Available records:
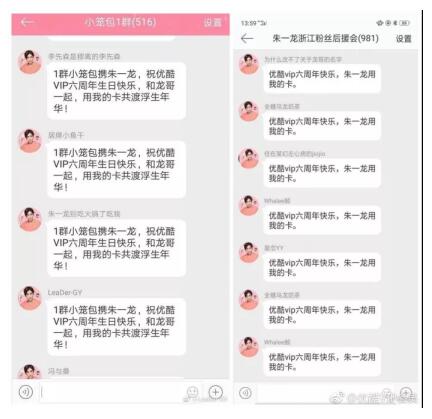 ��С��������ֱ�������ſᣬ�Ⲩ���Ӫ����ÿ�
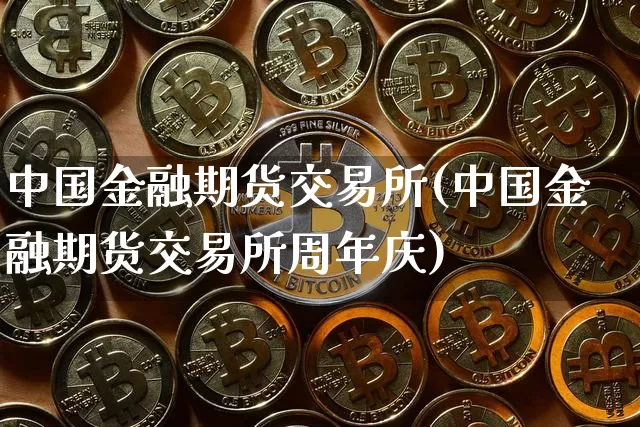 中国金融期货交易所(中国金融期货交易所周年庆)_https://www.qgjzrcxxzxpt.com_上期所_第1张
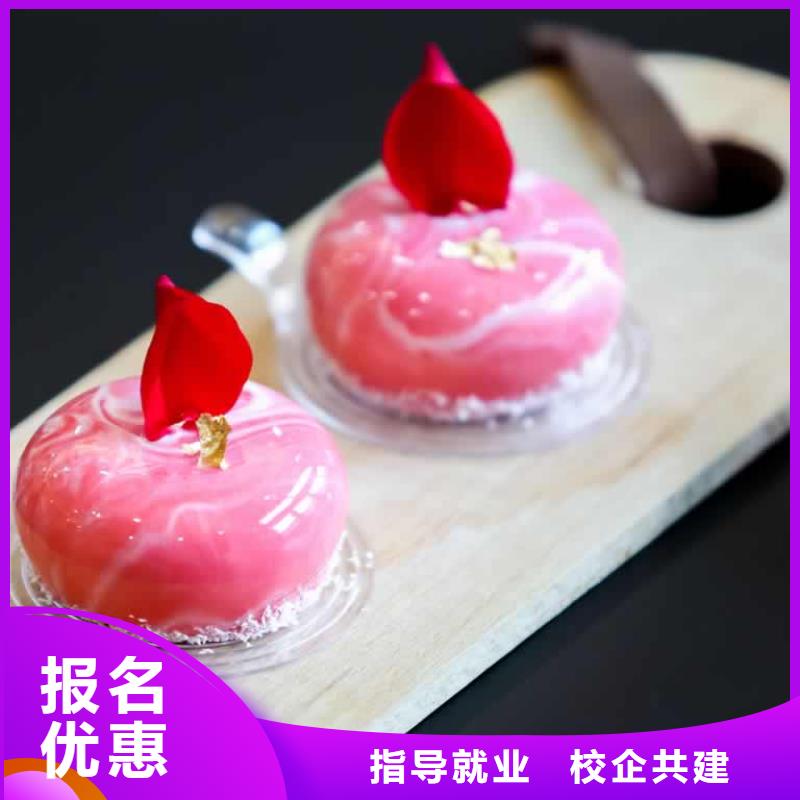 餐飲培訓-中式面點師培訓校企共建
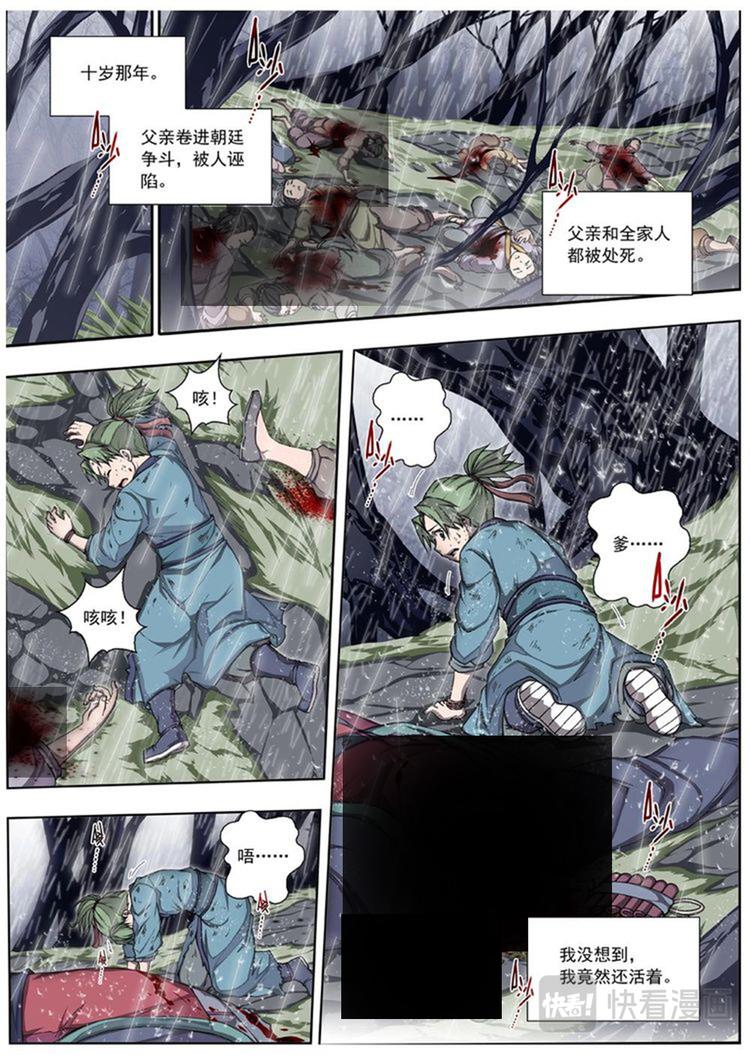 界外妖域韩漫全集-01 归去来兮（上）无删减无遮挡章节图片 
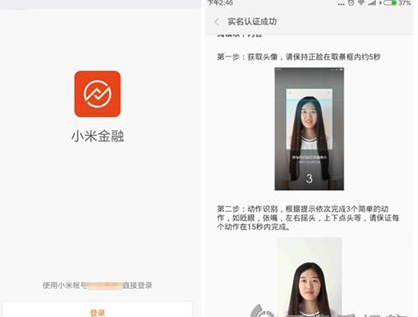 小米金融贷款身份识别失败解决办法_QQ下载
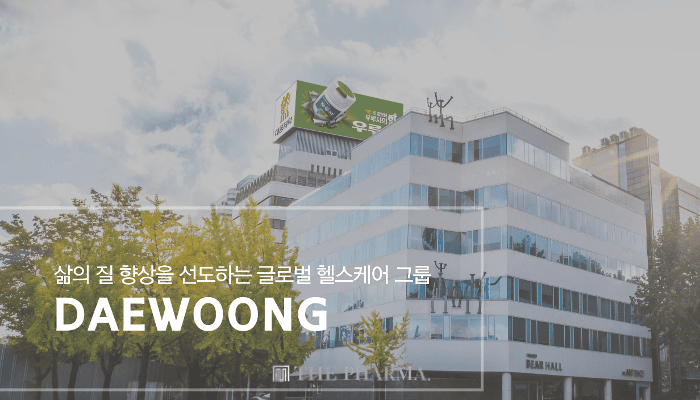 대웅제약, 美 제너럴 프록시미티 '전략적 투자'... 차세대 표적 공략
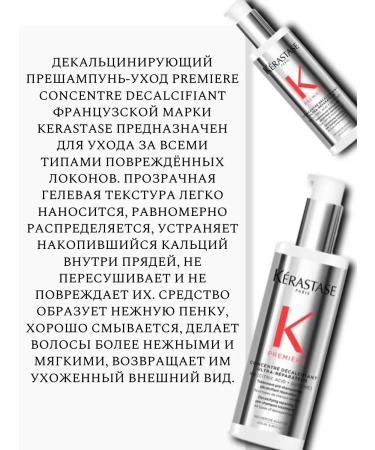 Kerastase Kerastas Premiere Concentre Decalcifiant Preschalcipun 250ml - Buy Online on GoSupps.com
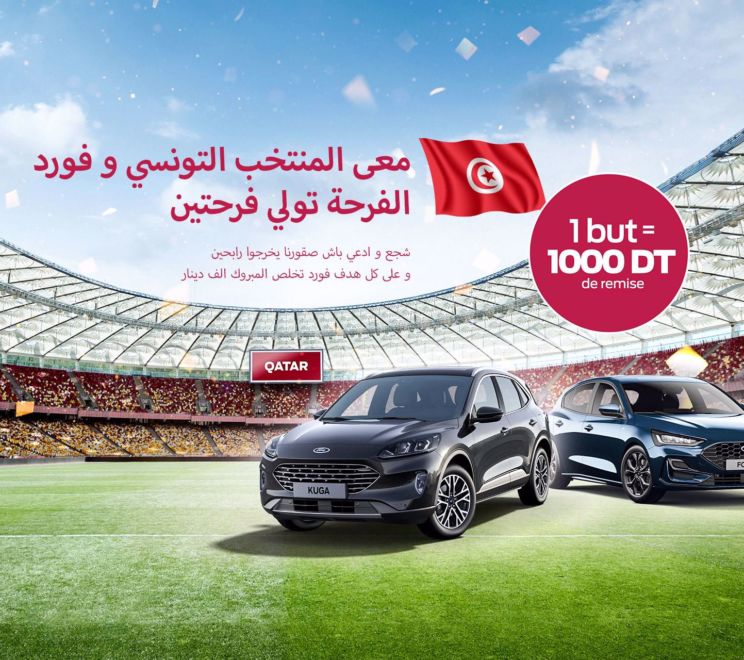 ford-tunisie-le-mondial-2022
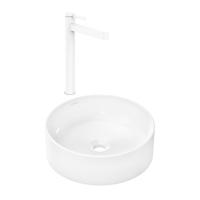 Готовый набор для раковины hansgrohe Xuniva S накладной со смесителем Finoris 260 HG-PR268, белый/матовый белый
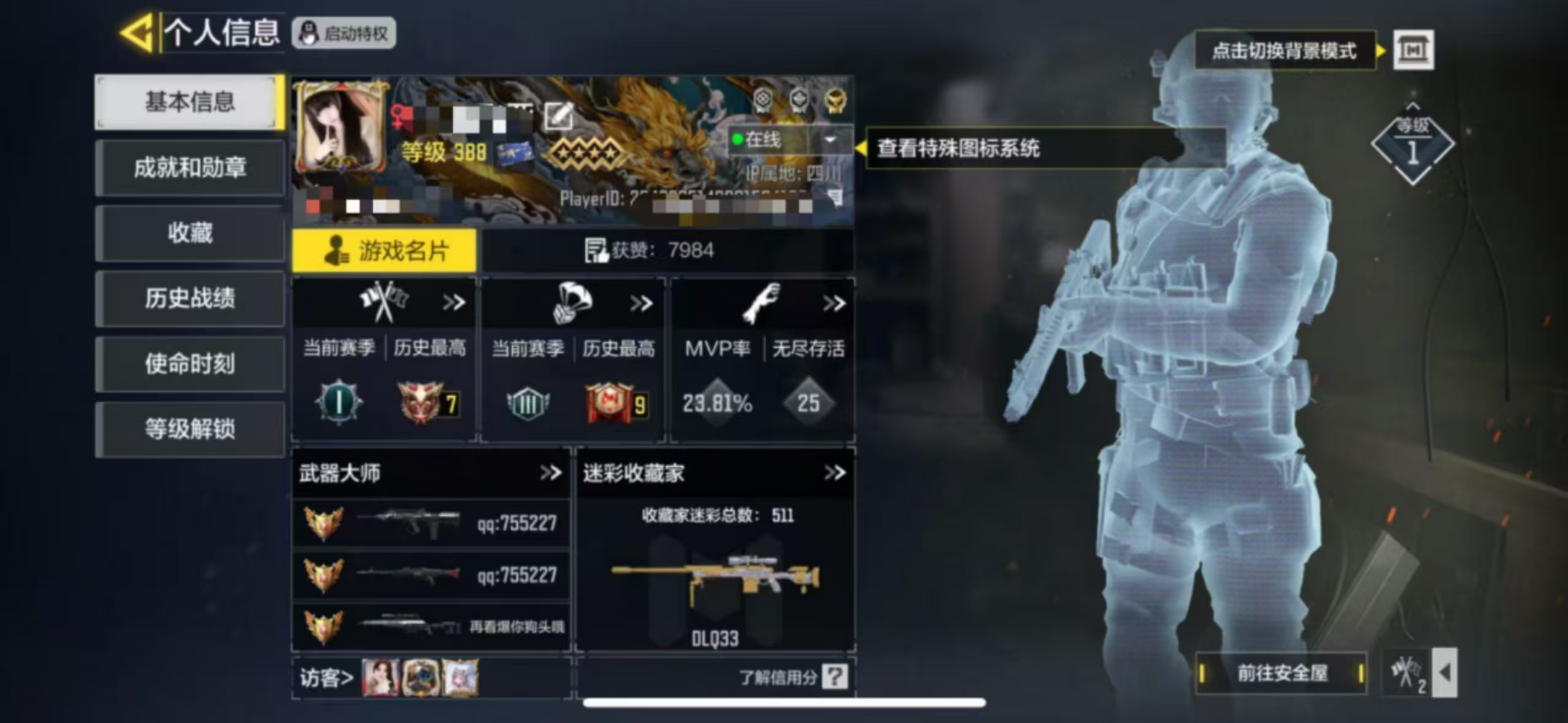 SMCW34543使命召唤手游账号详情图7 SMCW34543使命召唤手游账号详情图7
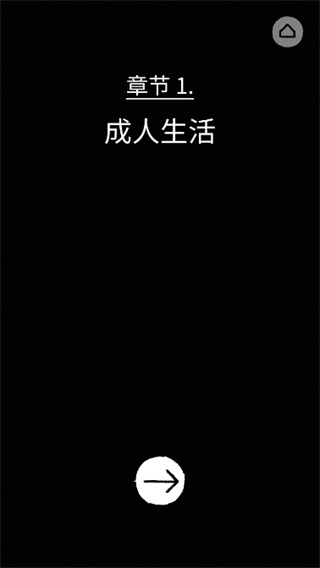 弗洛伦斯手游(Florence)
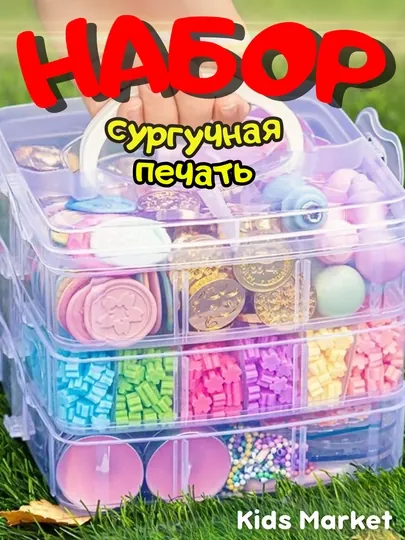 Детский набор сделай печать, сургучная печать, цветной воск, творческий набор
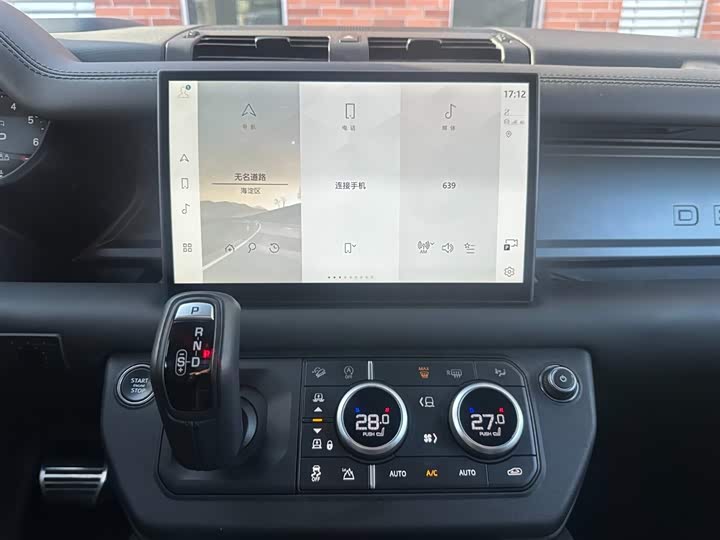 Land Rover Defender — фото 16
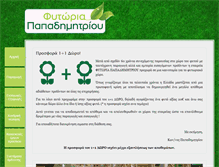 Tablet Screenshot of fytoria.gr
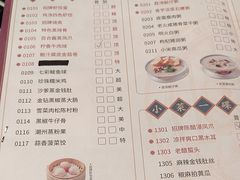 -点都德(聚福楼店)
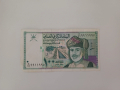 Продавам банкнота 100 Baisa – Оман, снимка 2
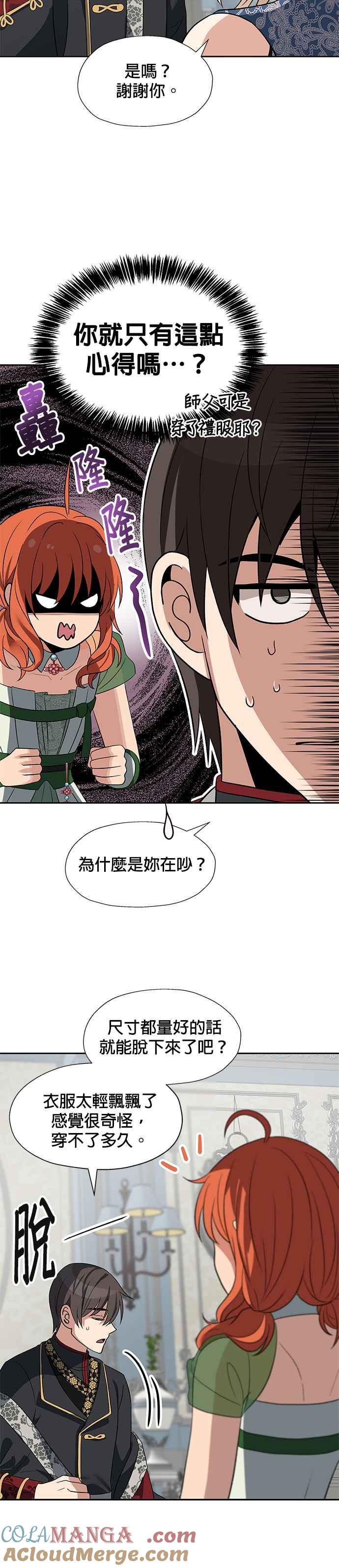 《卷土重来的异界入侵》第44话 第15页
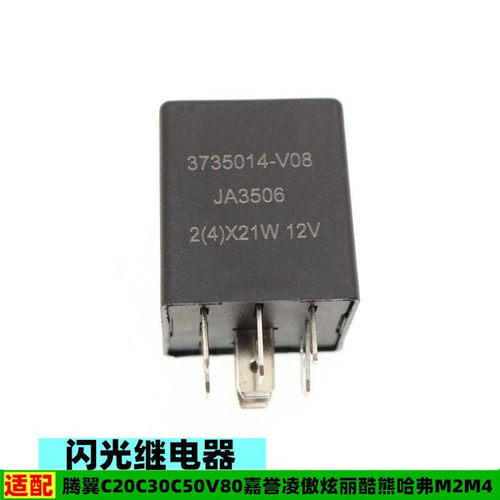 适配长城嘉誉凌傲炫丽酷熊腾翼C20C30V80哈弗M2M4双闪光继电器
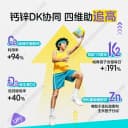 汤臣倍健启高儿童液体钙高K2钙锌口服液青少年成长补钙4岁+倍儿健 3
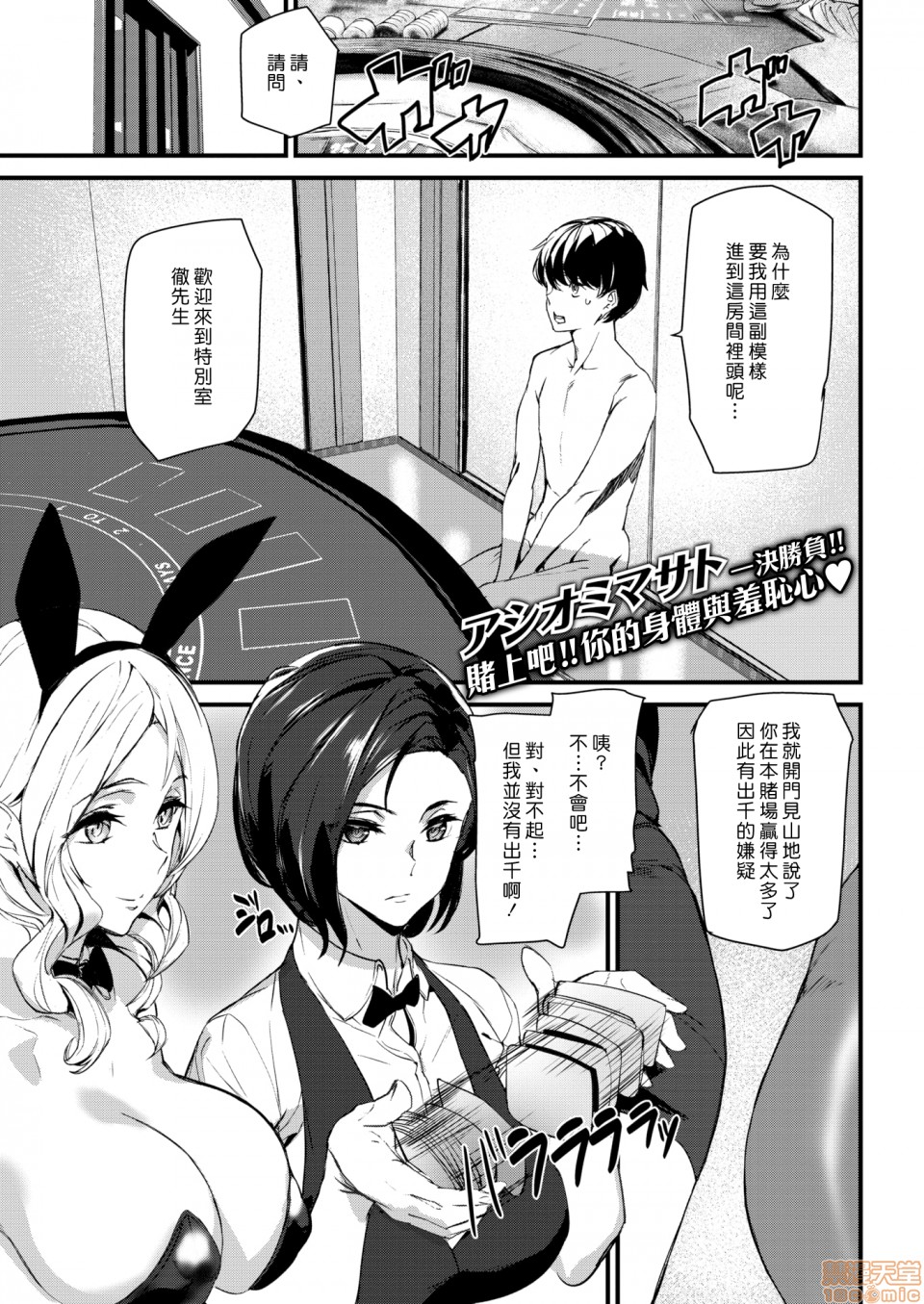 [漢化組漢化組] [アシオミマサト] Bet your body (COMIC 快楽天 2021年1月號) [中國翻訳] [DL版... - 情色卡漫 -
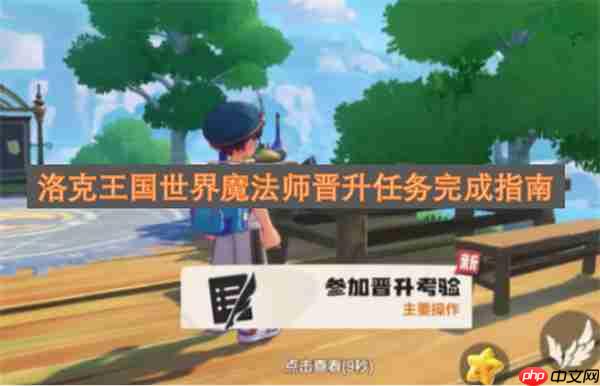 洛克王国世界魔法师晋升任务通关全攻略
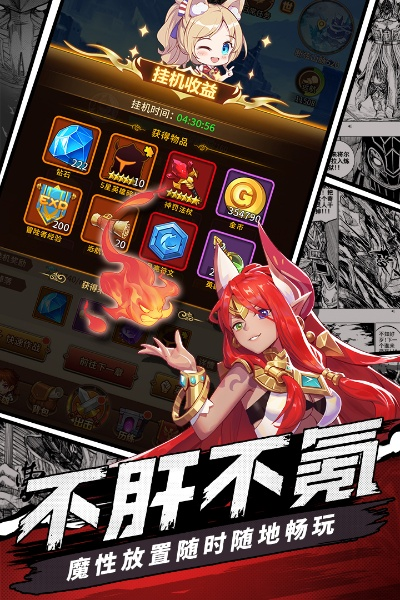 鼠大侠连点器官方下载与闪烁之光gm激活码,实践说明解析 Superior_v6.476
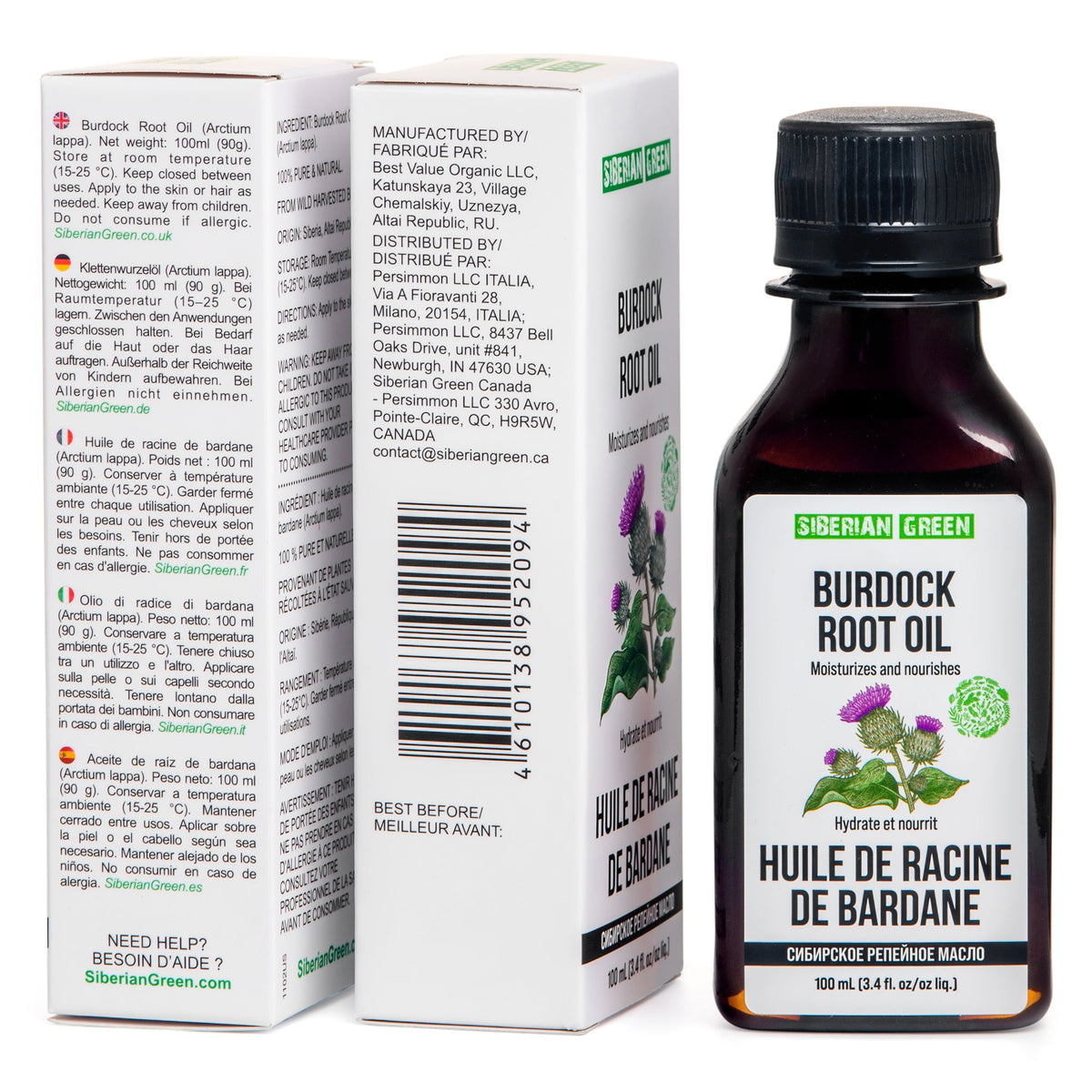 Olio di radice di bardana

What you have to do:
Except for the pictures, write the data out exactly.

Task result:
 ��С��������ֱ�������ſᣬ�Ⲩ���Ӫ����ÿ�
 中国金融期货交易所(中国金融期货交易所周年庆)_https://www.qgjzrcxxzxpt.com_上期所_第1张
 餐飲培訓-中式面點師培訓校企共建
 界外妖域韩漫全集-01 归去来兮（上）无删减无遮挡章节图片 
 小米金融贷款身份识别失败解决办法_QQ下载
 대웅제약, 美 제너럴 프록시미티 '전략적 투자'... 차세대 표적 공략
 Kerastase Kerastas Premiere Concentre Decalcifiant Preschalcipun 250ml - Buy Online on GoSupps.com
 ford-tunisie-le-mondial-2022
 Готовый набор для раковины hansgrohe Xuniva S накладной со смесителем Finoris 260 HG-PR268, белый/матовый белый
 SMCW34543使命召唤手游账号详情图7 SMCW34543使命召唤手游账号详情图7
 弗洛伦斯手游(Florence)
 Детский набор сделай печать, сургучная печать, цветной воск, творческий набор
 Land Rover Defender — фото 16
 Tablet Screenshot of fytoria.gr
 -点都德(聚福楼店)
 Продавам банкнота 100 Baisa – Оман, снимка 2
 《卷土重来的异界入侵》第44话 第15页
 适配长城嘉誉凌傲炫丽酷熊腾翼C20C30V80哈弗M2M4双闪光继电器
 汤臣倍健启高儿童液体钙高K2钙锌口服液青少年成长补钙4岁+倍儿健 3
 [漢化組漢化組] [アシオミマサト] Bet your body (COMIC 快楽天 2021年1月號) [中國翻訳] [DL版... - 情色卡漫 -
 洛克王国世界魔法师晋升任务通关全攻略
 鼠大侠连点器官方下载与闪烁之光gm激活码,实践说明解析 Superior_v6.476
 Olio di radice di bardana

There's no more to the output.